[[ EXERCISE DATA open ]]

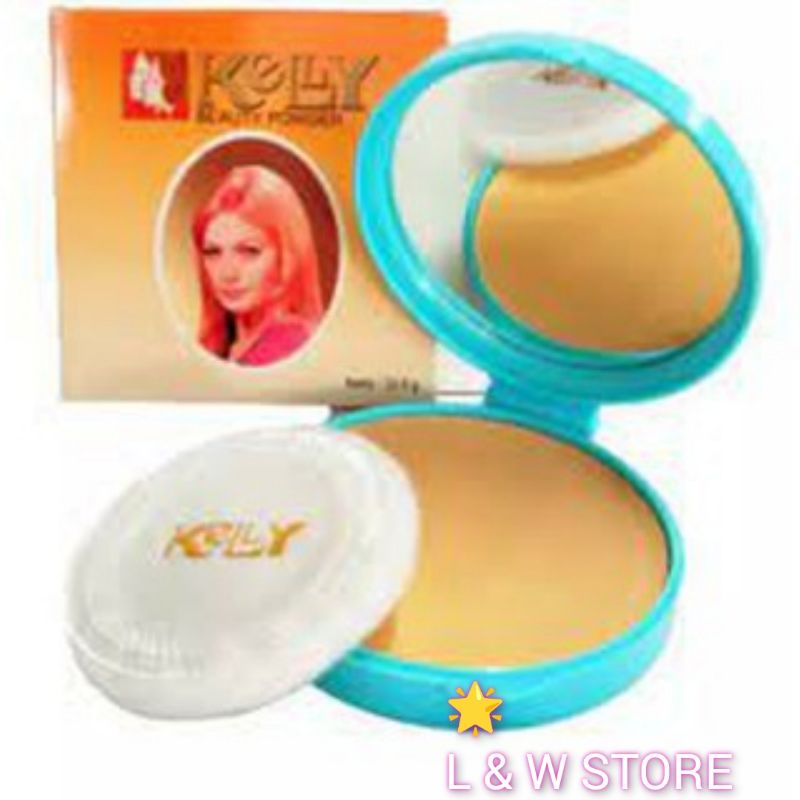 Kelly Beauty Compact Powder Kuning Langsat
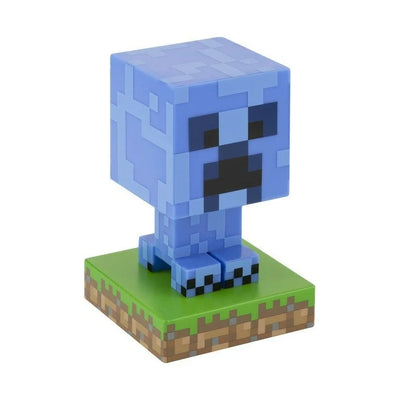 Minecraft - Charged Creeper Ikonisk Lampe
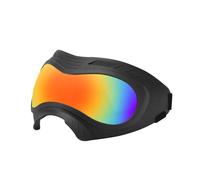 YIBOZI Lunettes de protection solaire pour chien, ceinture réglable et confortable, monture en polycarbonate, lunettes de mode d'extérieur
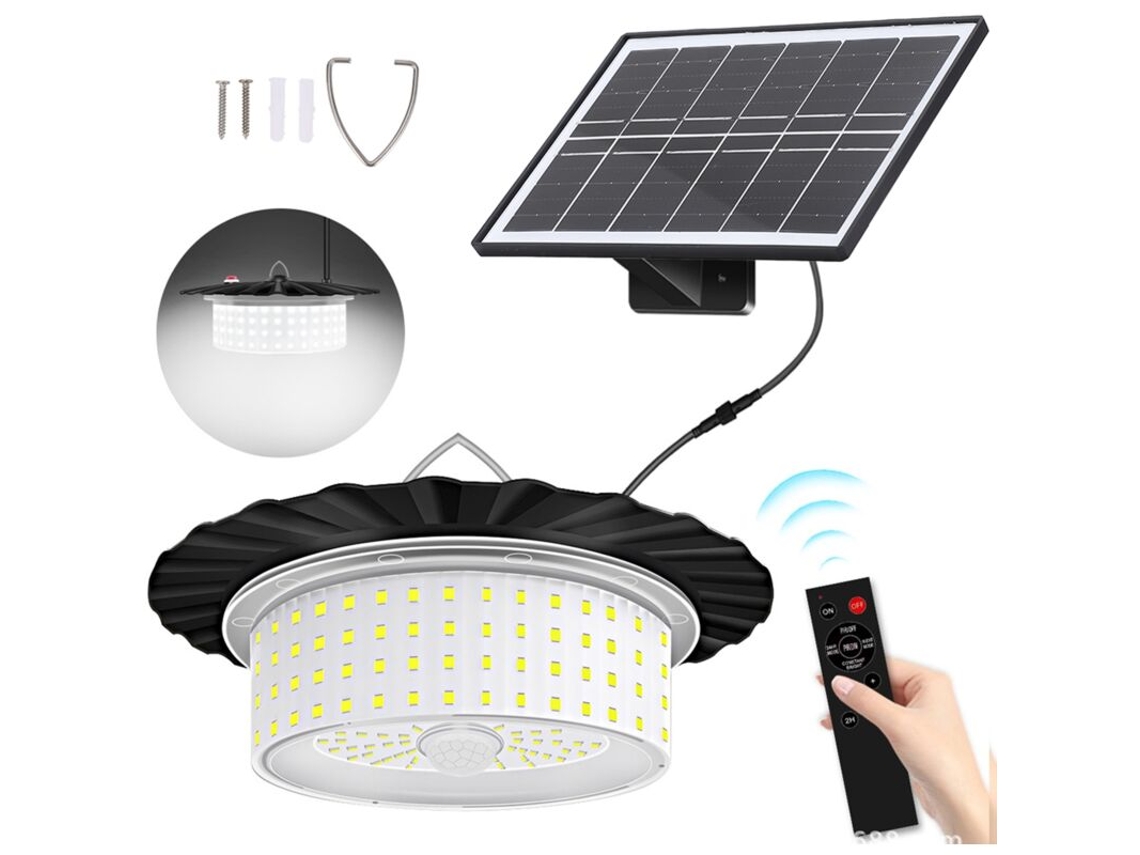 Lámpara Colgante Solar Led Impermeable Con 5 Modos De Iluminación.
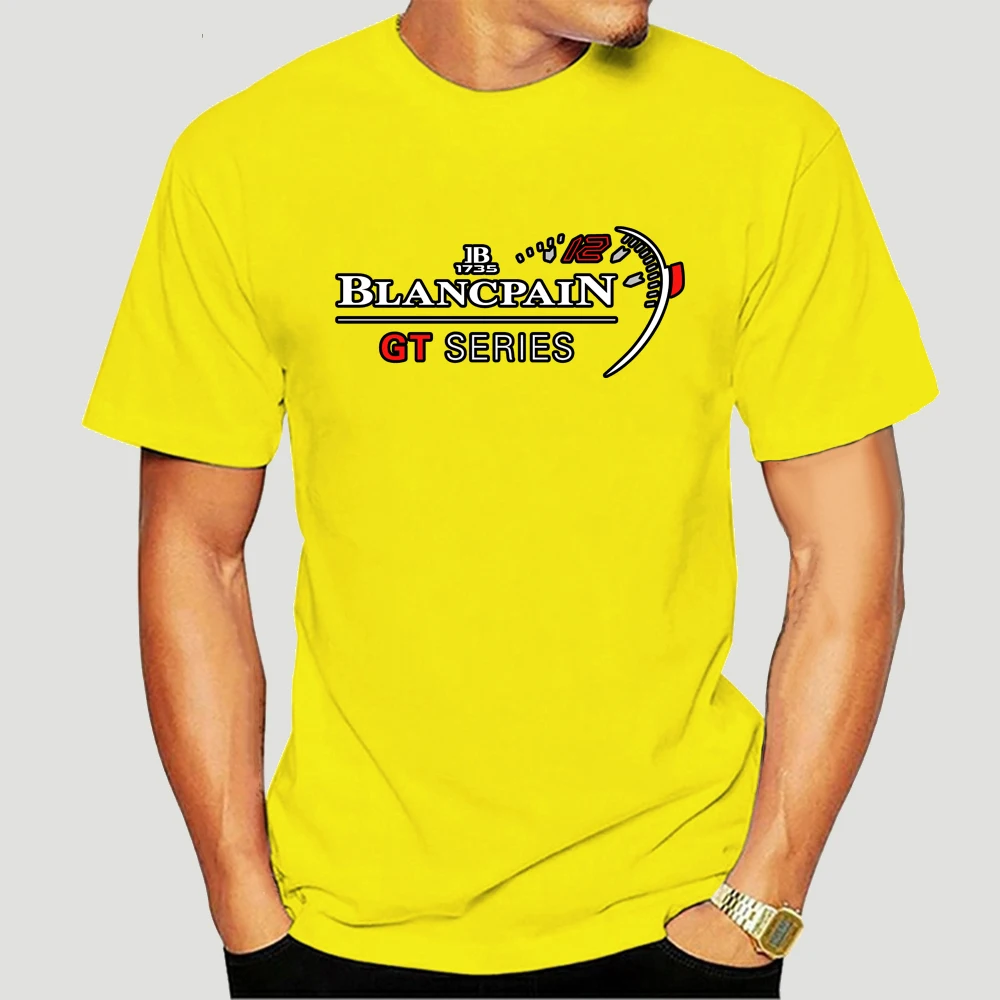 Magliette In Cotone Moda Uomo Blancpain Gt Series Watch Logo Casual Manica Corta Top Taglia Nera S-4Xl 8989X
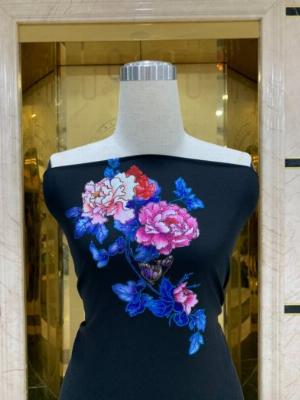 Vải áo dài nhung nhật đính đá BT 1039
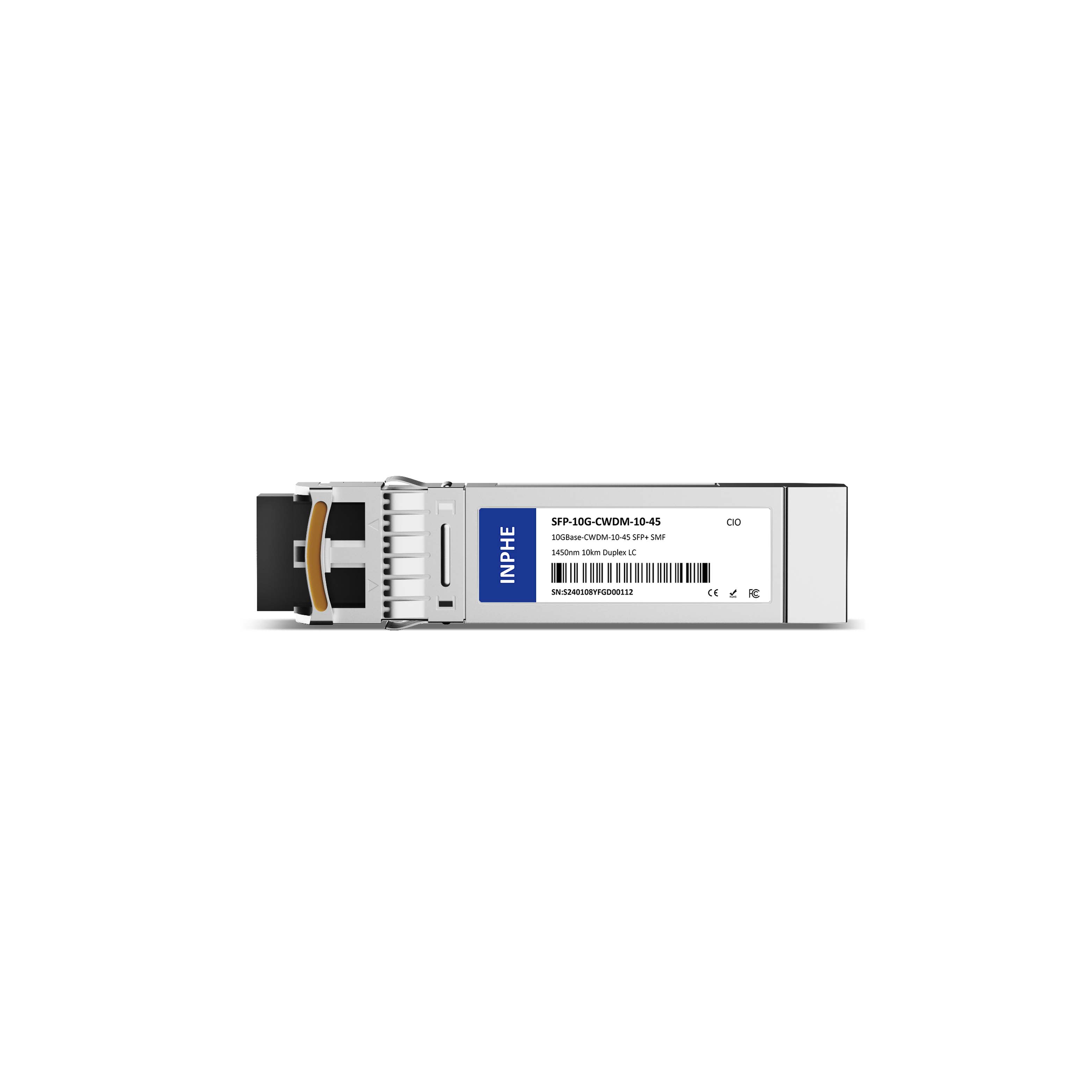 Cisco CWDM-SFP10G-1450-10 Compatible SFP+ 10G CWDM 1450 10km SMF Duplex LC DDM/DOM Optics Transceiver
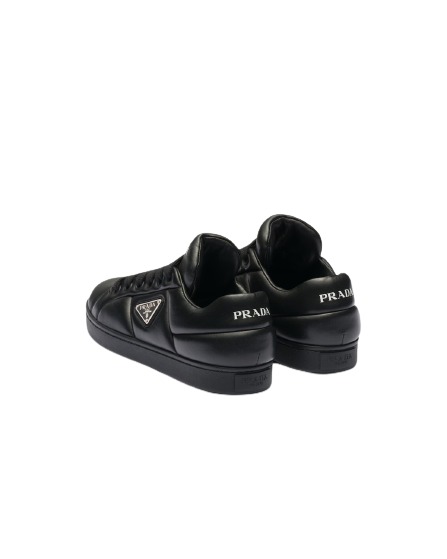 (W) Prada Padded Nappa Leather Sneakers Black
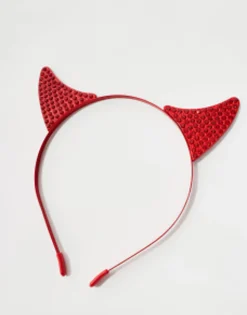 Ann Summers Halloween Diamante Devil Horn Headband In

[[ EXERCISE DATA closed ]]

**YOUR ASSIGNMENT:** Please set down each line of the data above exactly as written, without the pictures.

**COMPLETED EXERCISE:**
 Kelly Beauty Compact Powder Kuning Langsat
 Minecraft - Charged Creeper Ikonisk Lampe
 YIBOZI Lunettes de protection solaire pour chien, ceinture réglable et confortable, monture en polycarbonate, lunettes de mode d'extérieur
 Lámpara Colgante Solar Led Impermeable Con 5 Modos De Iluminación.
 Magliette In Cotone Moda Uomo Blancpain Gt Series Watch Logo Casual Manica Corta Top Taglia Nera S-4Xl 8989X
 Vải áo dài nhung nhật đính đá BT 1039
 Cisco CWDM-SFP10G-1450-10 Compatible SFP+ 10G CWDM 1450 10km SMF Duplex LC DDM/DOM Optics Transceiver
 (W) Prada Padded Nappa Leather Sneakers Black
 Ann Summers Halloween Diamante Devil Horn Headband In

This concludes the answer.